1. Renkleriniz istikrarlı olsun
Grafiklerimizin insanların akışı içerisinde The Economist’ten geleceği hemen anlaşılabilecek biçimde tanınmasını ve öne çıkmasını istiyoruz. Bu yüzden renkler ve paletler önemli. Markalama ve stil, insanların diğer her şey arasında bizim grafikleri tanımasını sağlayabilir. Kullandığımız şablonda Economist kırmızısı (hayranlarımız için kodu #EC111A) temel bir renk. İkinci renk olarak hafif mavi tonlarını tercih ediyoruz. Bu konuda bir istisna, siyasetle ilgili grafiklerde partilerin renklerini kullanırken görülüyor. Bazen de haritalarda belirli çağrışımlar yapabilecek renklere başvuruyoruz. Gerektiğinde esnek davranmak normaldir. Yeter ki dayanacağınız güçlü bir şablon olsun.
2. Sunumu tekrar düşünün
Derginin basılı versiyonundaki özgün grafikte bulunan tüm bilgileri kullanarak sosyal medya için yapılan grafikte küçücük bir alana çok şey sığdırmaya çalışmak cazip görünebilir, ama bazen bu mümkün değildir veya tavsiye edilmez. Basılı dergideki grafiklerimiz genelde küçük olsa da, gerektiğinde onları biraz büyütüp yer açabiliriz. Instagram’da bu mümkün değildir.
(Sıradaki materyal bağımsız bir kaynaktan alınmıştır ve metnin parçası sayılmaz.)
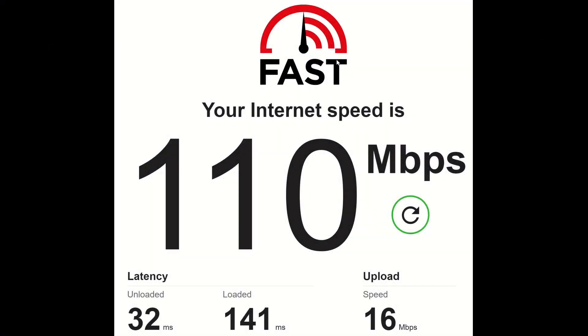Just ran a speed test using fast.com. I was able to pull a 32 millisecond unloaded latency, 141 unloaded and 110 megabits per second down with 16 megabits per second up. So that was nice to see. I want to try and adjust some things real quick and run this again, but to where I can see the loaded and unloaded for the upload as well.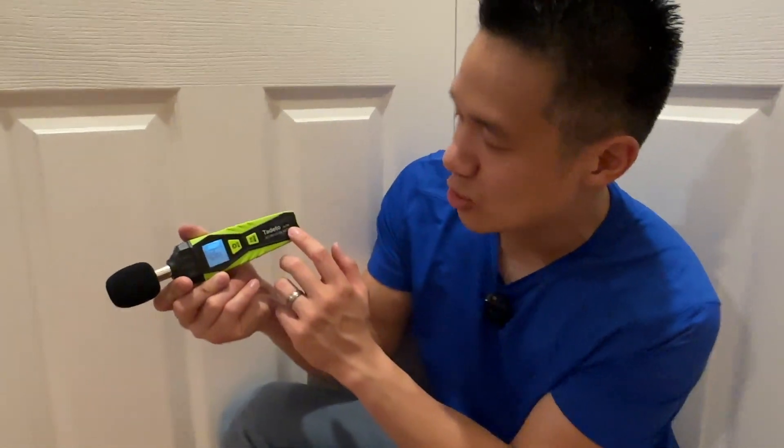Right here we have the Toledo SL720 sound meter. This is a very simple sound meter. All I do is put in batteries, turn it on, and it picks up volume.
Bu yüzden zaman zaman kendime, dergideki grafikten çıkarılabilecek dersin veya içindeki en ilginç unsurun ne olduğunu sorarım. Sonra bu unsurları grafikten çekip en net şekilde sunmaya odaklanırım.
3. Hedef kitlenizi tanıyın
Ekonomi ve iş dünyasıyla ilgili haberlerimiz ve grafiklerimiz düzenli okurlarımızın ilgisini çekse de, Instagram; kitaplardan sanata, bilimden spora dek birçok alanda yaptığımız gazeteciliğe aşina olmayan farklı bir kitleyle etkileşime girme fırsatı sunuyor. Aynı zamanda Instagram okur kitlemiz daha genç. Bu platformdaki takipçilerimizin yüzde 70’i 34 yaş altında ve çeyreğinden fazlası 24 yaşından küçük.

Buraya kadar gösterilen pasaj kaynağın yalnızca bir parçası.